# Fireman Sex



## rogerman (Mar 7, 2006)

A FIREMAN came home from work one day and told his wife, "You know, we have a wonderful system at the fire station: BELL 1 rings and we all put on our jackets, BELL 2 rings and we all slide down the pole, BELL 3 rings and we're on the fire truck ready to go.

"From now on when I say BELL 1 I want you to strip naked.

When I say BELL 2 I want you to jump in bed.

And when I say BELL 3 we are going to make love all night.

"The next night he came home from work and yelled "BELL 1!" The wife promptly took all her clothes off.

Then he yelled "BELL 2!" the wife jumped into bed.

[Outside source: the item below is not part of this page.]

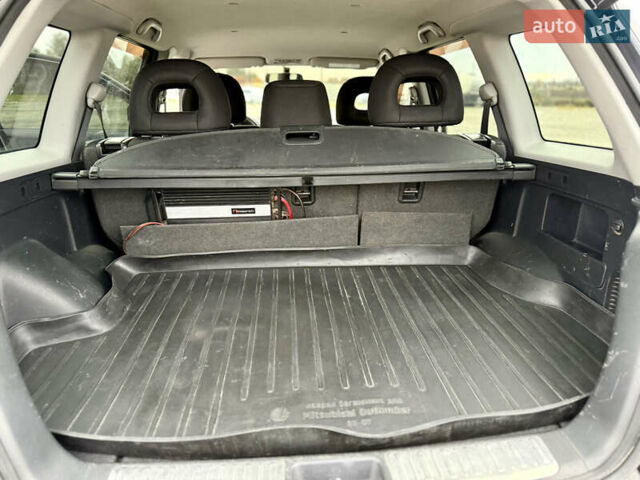 Серый Мицубиси Аутлендер, объемом двигателя 2 л и пробегом 199 тыс. км за 5999 $, фото 13 на Automoto.ua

When he yelled "BELL 3!" they began making love.

After a few minutes the wife yelled! "BELL 4!"

"What the hell is BELL 4?" asked the husband?

"ROLL OUT MORE HOSE," she replied" YOU'RE NOWHERE NEAR THE FIRE."


----------



## thebears (Jan 14, 2006)

:lol: :lol: :lol:


----------



## The Silver Surfer (May 14, 2002)

:lol:


----------



## conlechi (May 6, 2006)

:lol:


----------



## J55TTC (Apr 25, 2005)

:lol:


----------



## Hev (Feb 26, 2005)

Hev x


----------



## Mack The Knife (Jun 14, 2007)

:lol: :lol: :lol:


----------



## Angela (Jan 18, 2008)

:lol: :lol: :lol:

lightning


----------